WHAT IS BEING ASKED: What you return should be the lines from the one with "1614 N Main St APT 3, Winterport, ME 04496" through the one with "Levi Mens XX Chino Loose" in the data below, reproduced exactly with both ends, and no pictures at all.

DATASET EXCERPTS:
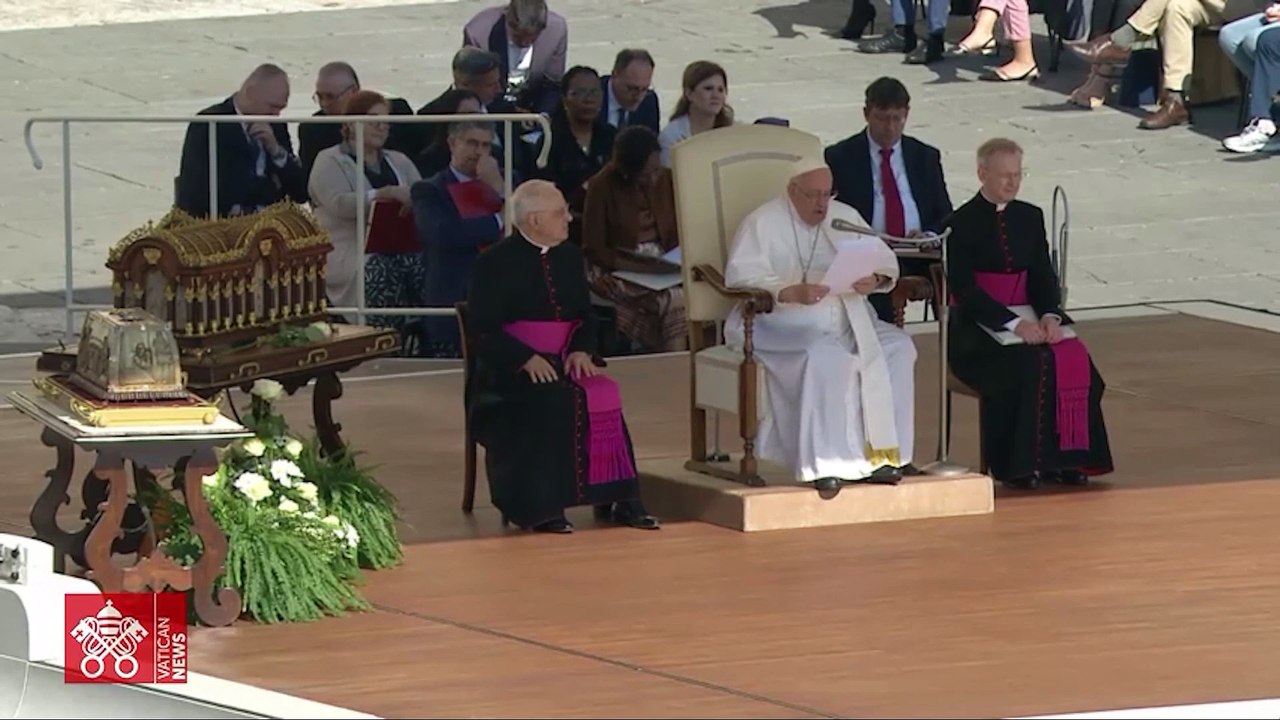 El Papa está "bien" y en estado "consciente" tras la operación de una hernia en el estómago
---
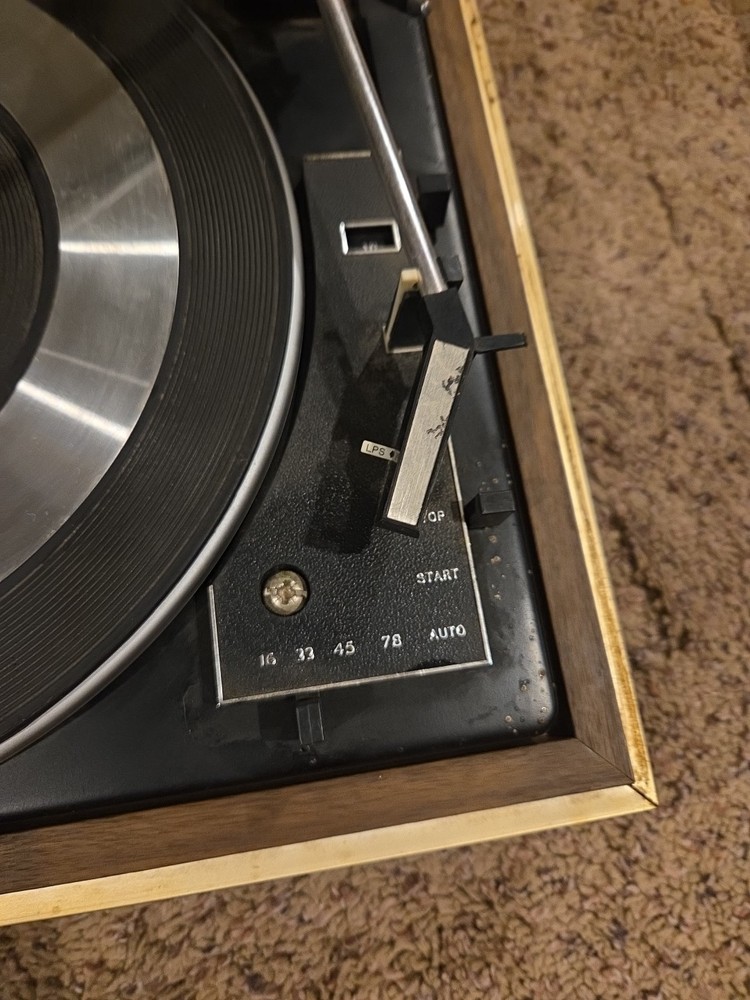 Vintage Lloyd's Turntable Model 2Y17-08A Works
* * *
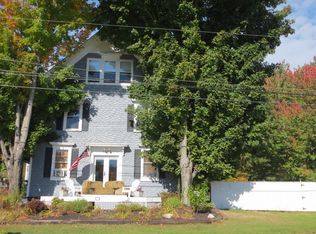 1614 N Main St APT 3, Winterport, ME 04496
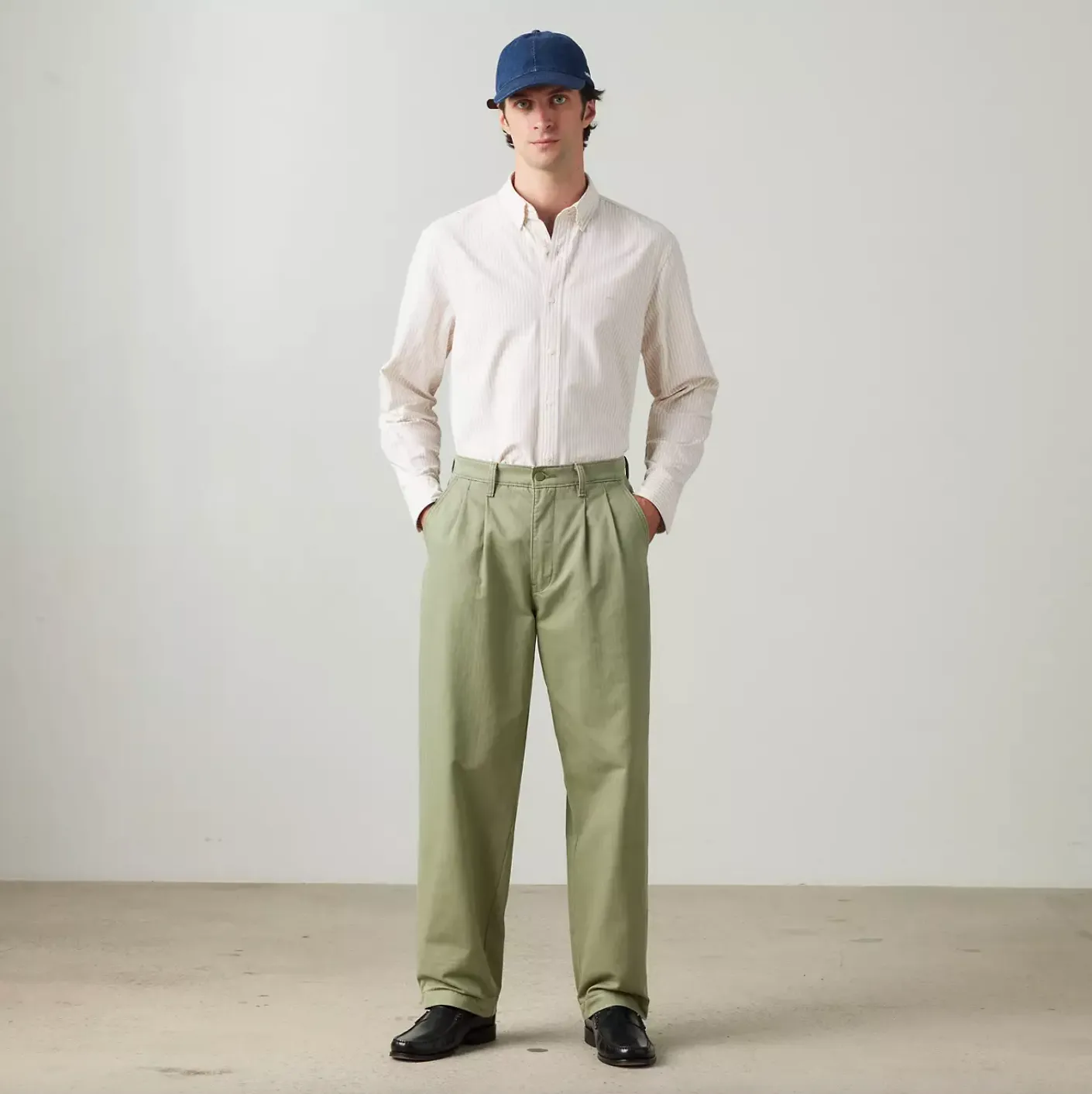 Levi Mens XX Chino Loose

SOLUTION TO THIS TASK:
 1614 N Main St APT 3, Winterport, ME 04496
 Levi Mens XX Chino Loose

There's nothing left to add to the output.